_Excerpted records_
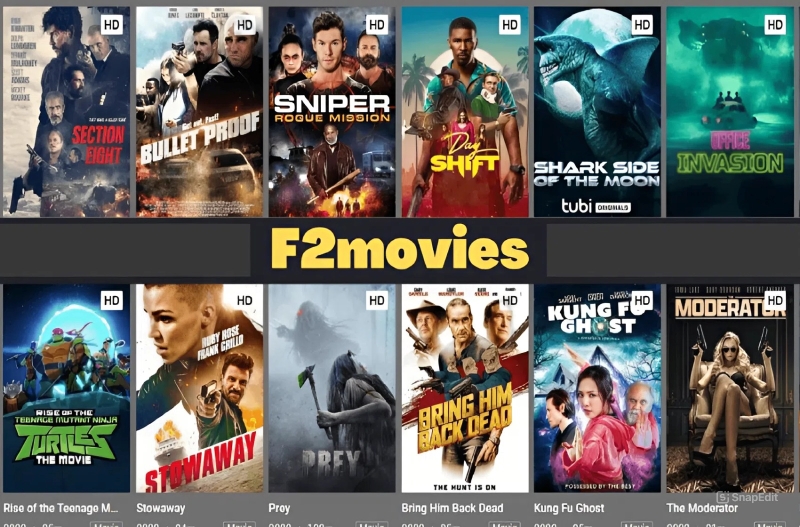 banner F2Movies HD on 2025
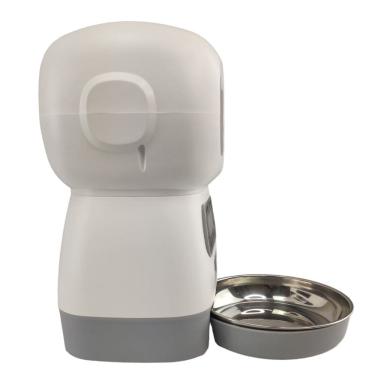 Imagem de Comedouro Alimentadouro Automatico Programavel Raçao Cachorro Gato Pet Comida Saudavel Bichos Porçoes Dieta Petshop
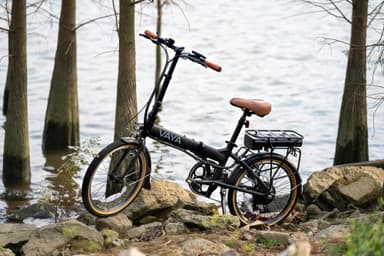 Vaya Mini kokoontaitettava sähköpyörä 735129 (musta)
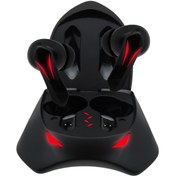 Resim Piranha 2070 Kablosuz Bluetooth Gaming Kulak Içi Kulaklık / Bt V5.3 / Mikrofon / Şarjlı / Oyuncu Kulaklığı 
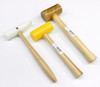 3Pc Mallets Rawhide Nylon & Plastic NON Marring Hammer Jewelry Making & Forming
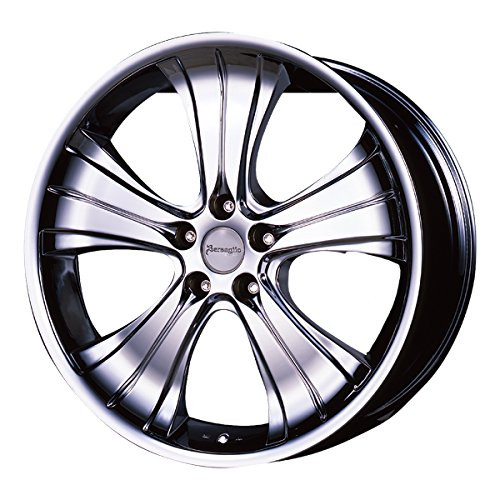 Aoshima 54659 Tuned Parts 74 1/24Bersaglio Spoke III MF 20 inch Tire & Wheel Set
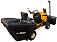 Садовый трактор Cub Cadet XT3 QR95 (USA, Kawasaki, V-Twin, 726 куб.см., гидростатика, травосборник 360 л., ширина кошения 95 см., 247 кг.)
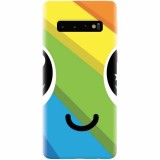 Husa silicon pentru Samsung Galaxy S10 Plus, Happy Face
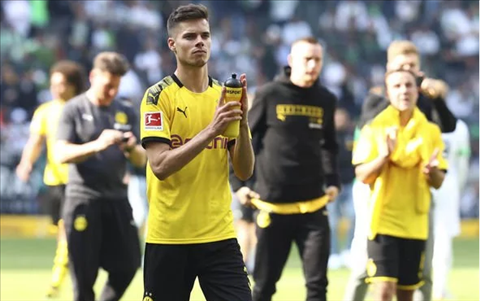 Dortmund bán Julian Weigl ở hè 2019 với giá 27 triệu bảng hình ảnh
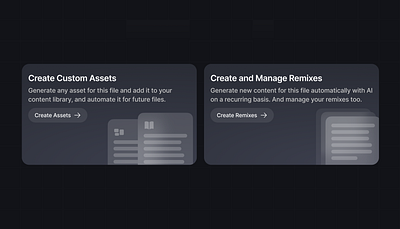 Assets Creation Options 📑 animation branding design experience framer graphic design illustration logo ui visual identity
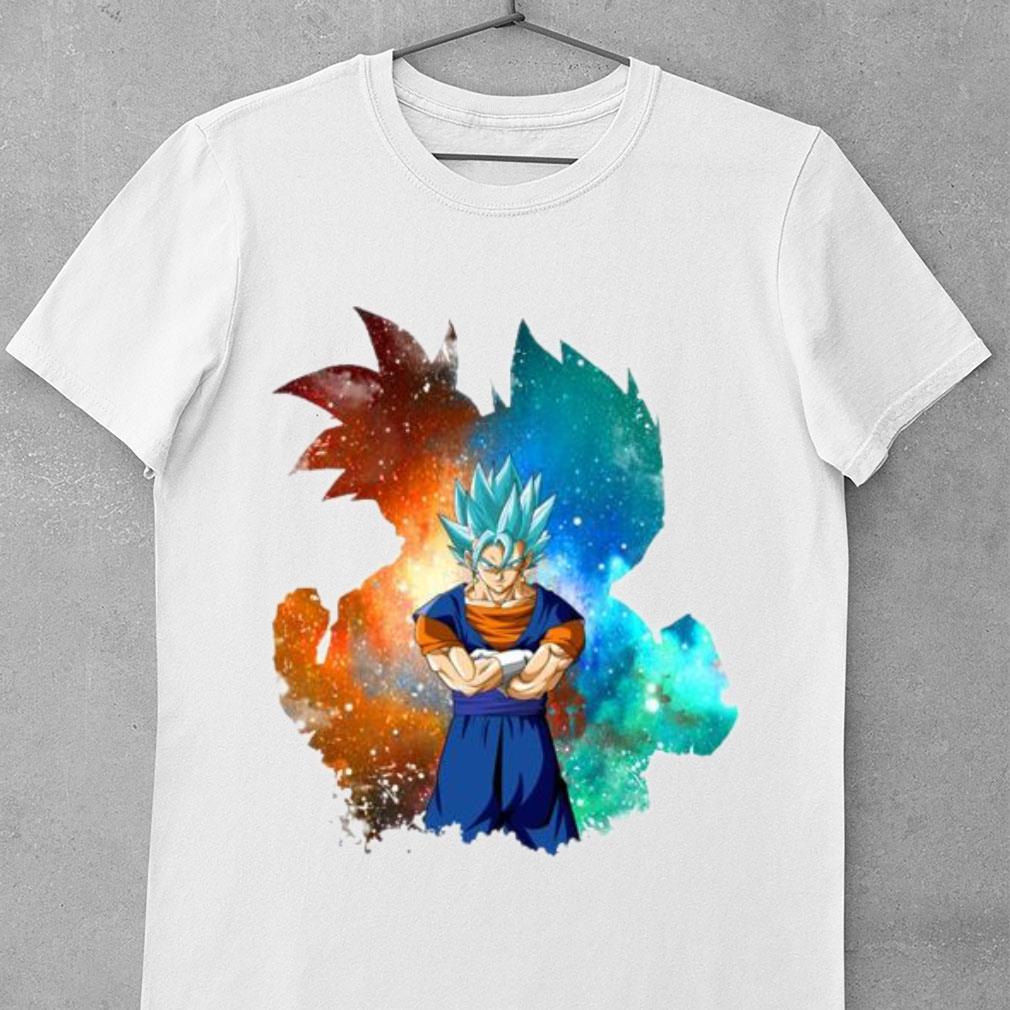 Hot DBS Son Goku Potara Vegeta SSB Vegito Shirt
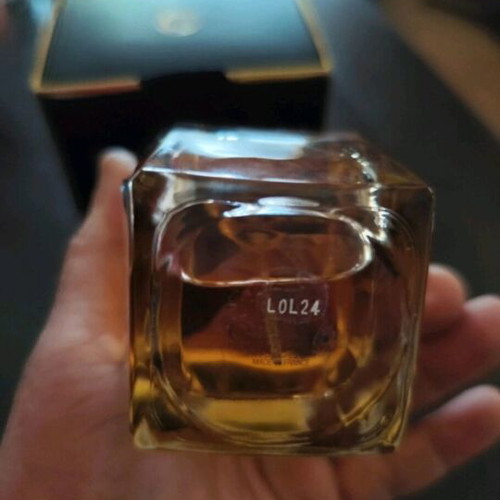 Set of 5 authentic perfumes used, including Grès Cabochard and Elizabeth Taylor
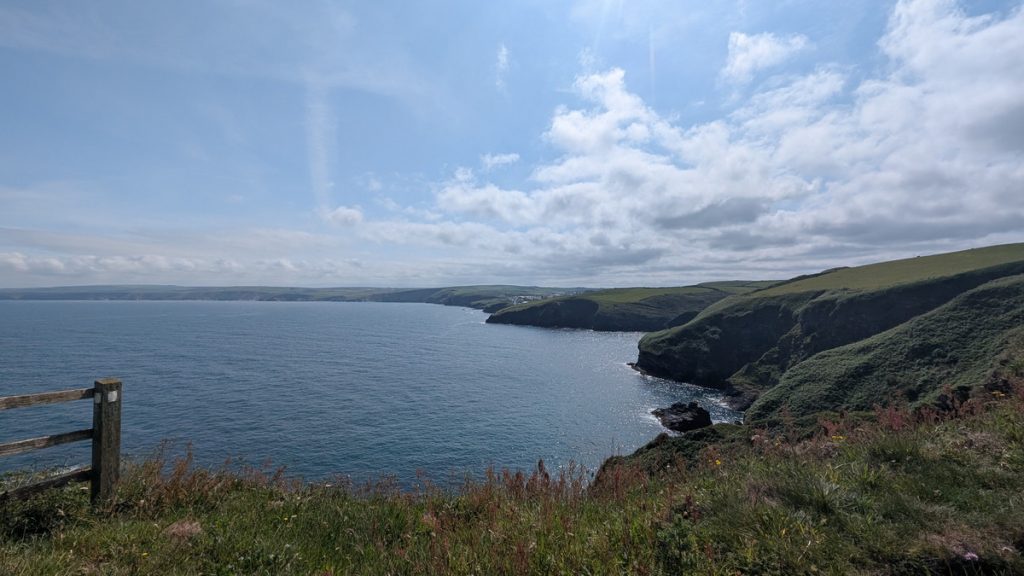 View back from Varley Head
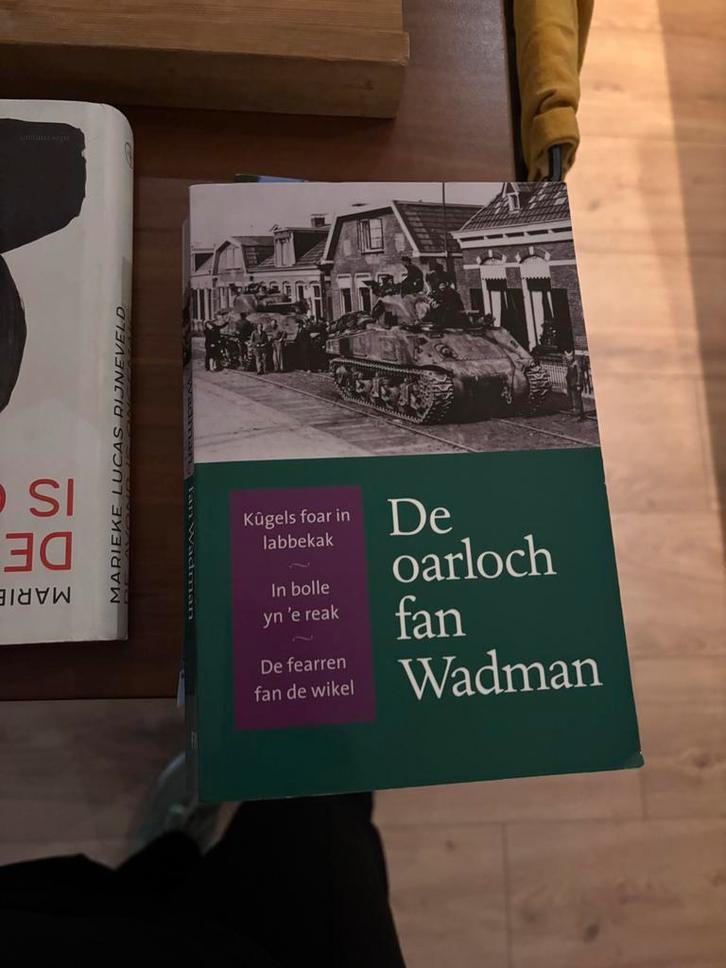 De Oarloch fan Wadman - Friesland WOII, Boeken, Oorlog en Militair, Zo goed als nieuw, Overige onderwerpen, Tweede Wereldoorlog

==

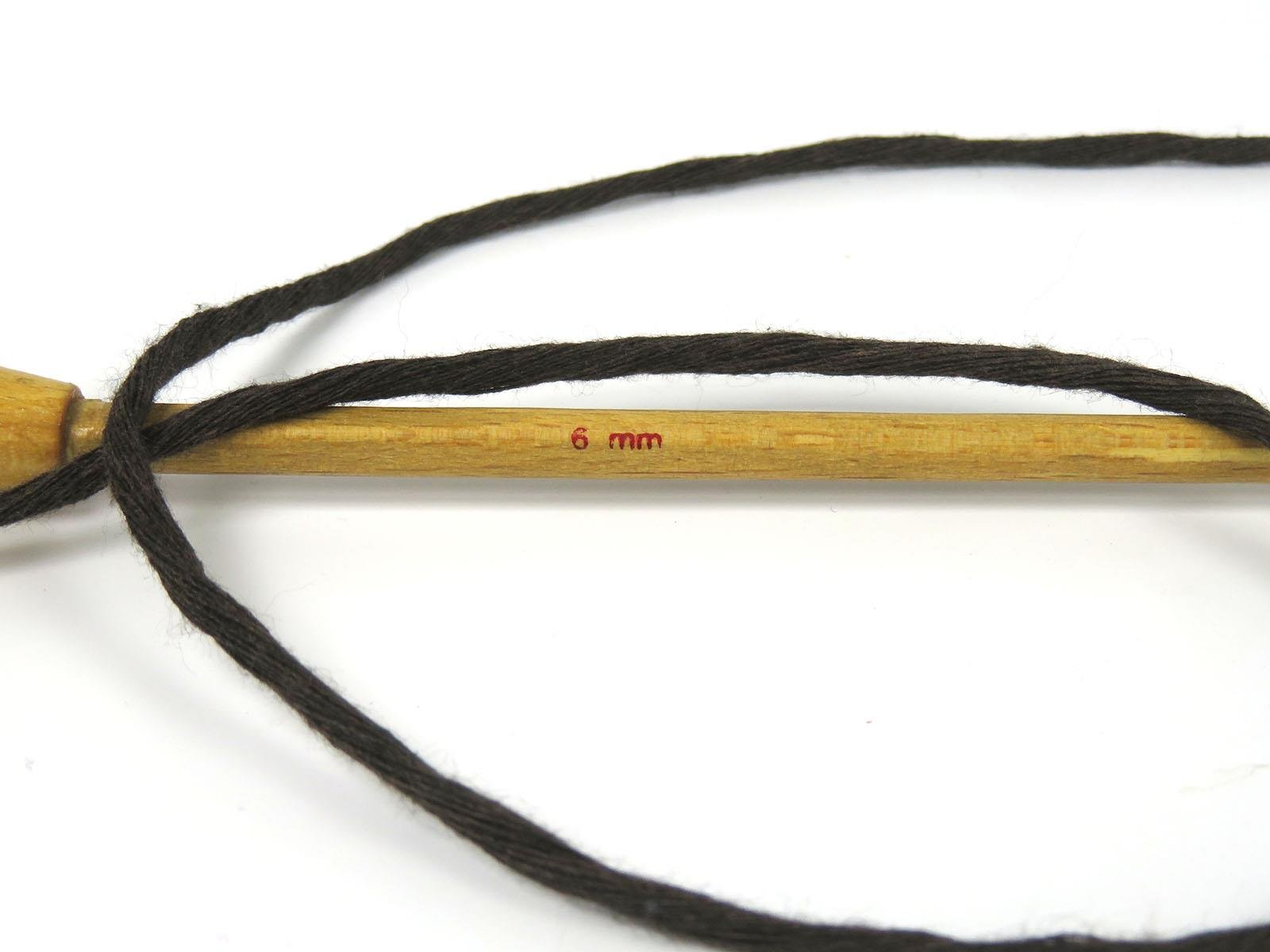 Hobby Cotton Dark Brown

_What is being asked_
Everything above from the line with "Aoshima 54659 Tuned" through the line with "Husa silicon pentru" should be retyped exactly, and nothing else; omit pictures.

_Problem solution_
 Aoshima 54659 Tuned Parts 74 1/24Bersaglio Spoke III MF 20 inch Tire & Wheel Set
 Садовый трактор Cub Cadet XT3 QR95 (USA, Kawasaki, V-Twin, 726 куб.см., гидростатика, травосборник 360 л., ширина кошения 95 см., 247 кг.)
 Husa silicon pentru Samsung Galaxy S10 Plus, Happy Face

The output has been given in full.